-- Opening Marker --

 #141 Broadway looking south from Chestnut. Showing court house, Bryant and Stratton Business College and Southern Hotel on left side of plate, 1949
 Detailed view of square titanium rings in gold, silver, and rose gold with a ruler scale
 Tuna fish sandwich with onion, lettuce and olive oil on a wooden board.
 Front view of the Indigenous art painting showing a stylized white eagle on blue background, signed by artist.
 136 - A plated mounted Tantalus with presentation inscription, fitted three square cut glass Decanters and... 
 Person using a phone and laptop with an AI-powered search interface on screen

-- Closing Marker --
-- Opening Marker --

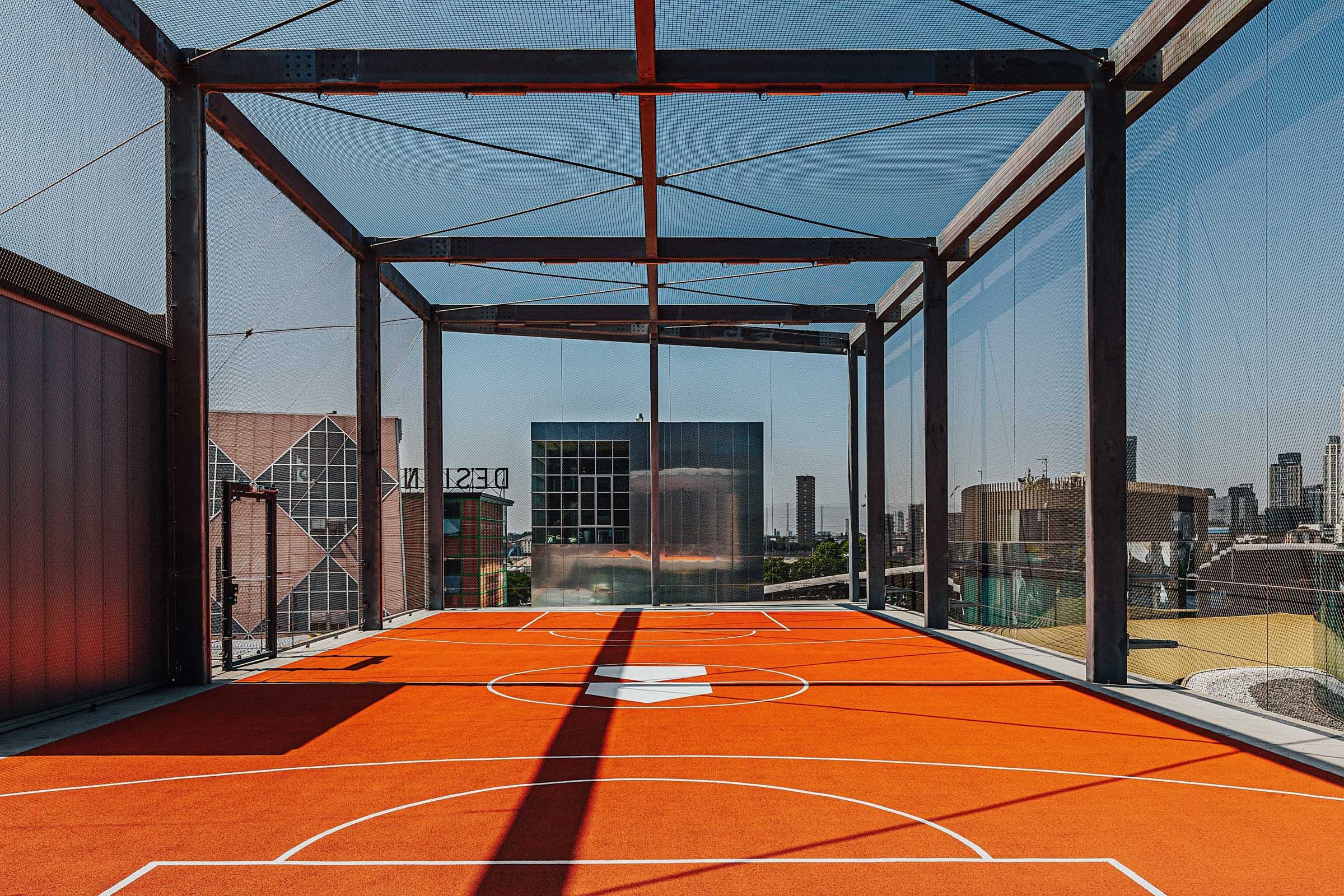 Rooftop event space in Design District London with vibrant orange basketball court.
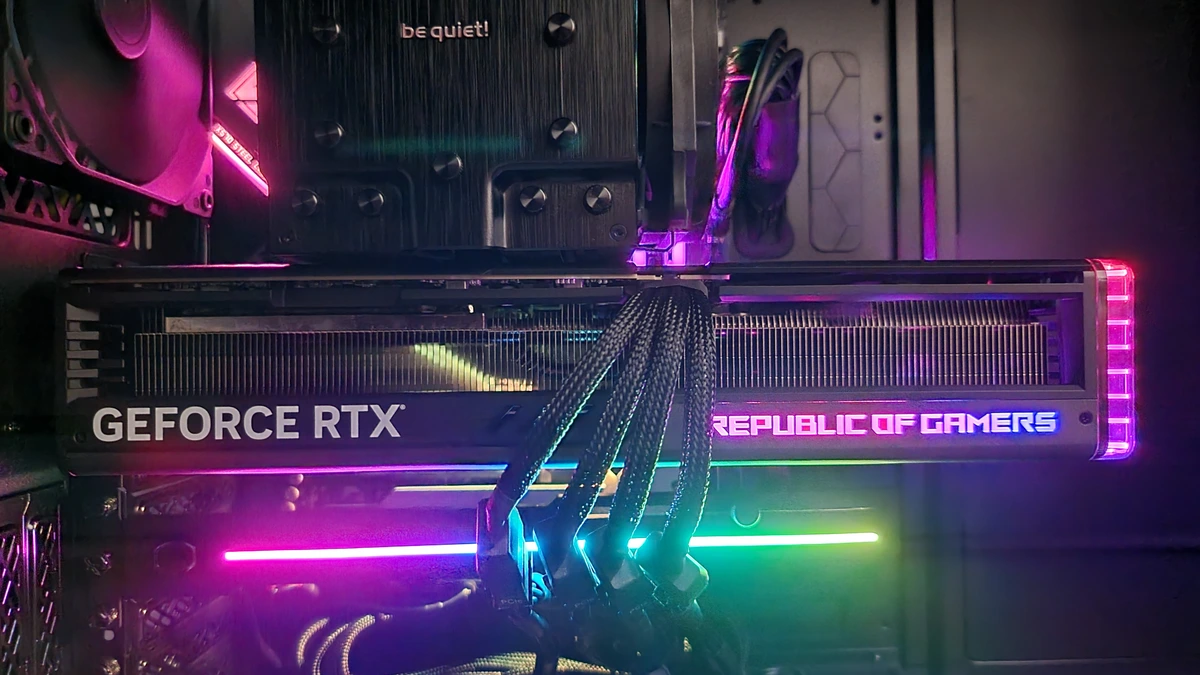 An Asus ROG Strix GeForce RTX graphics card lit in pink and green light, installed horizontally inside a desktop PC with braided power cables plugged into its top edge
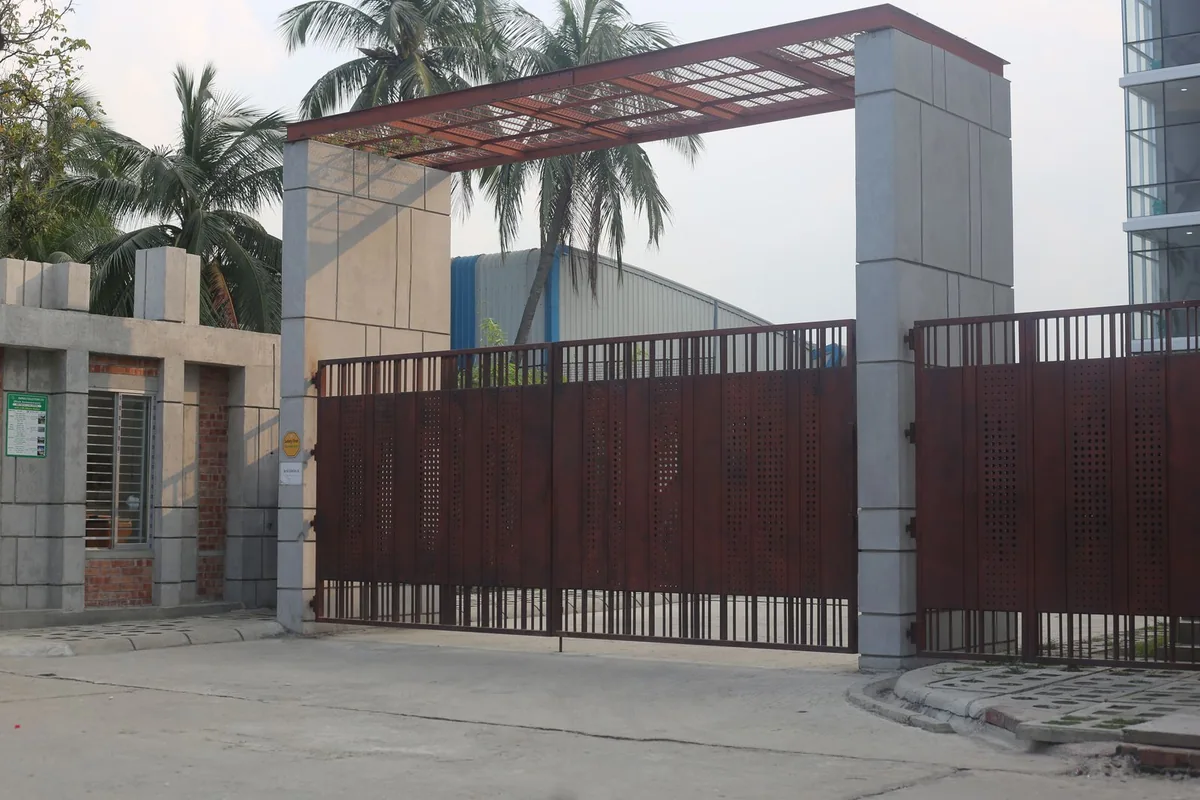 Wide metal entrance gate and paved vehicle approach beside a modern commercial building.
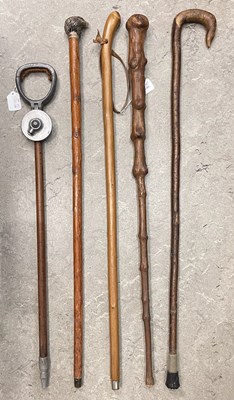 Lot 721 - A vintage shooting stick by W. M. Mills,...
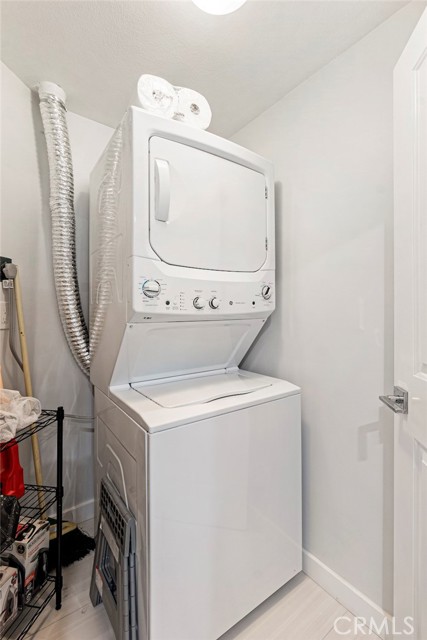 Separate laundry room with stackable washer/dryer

-- Closing Marker --

BRIEF: Copy out every line of the listing where the word "view" occurs.

SOLUTION FOR THIS TASK:
 Detailed view of square titanium rings in gold, silver, and rose gold with a ruler scale
 Front view of the Indigenous art painting showing a stylized white eagle on blue background, signed by artist.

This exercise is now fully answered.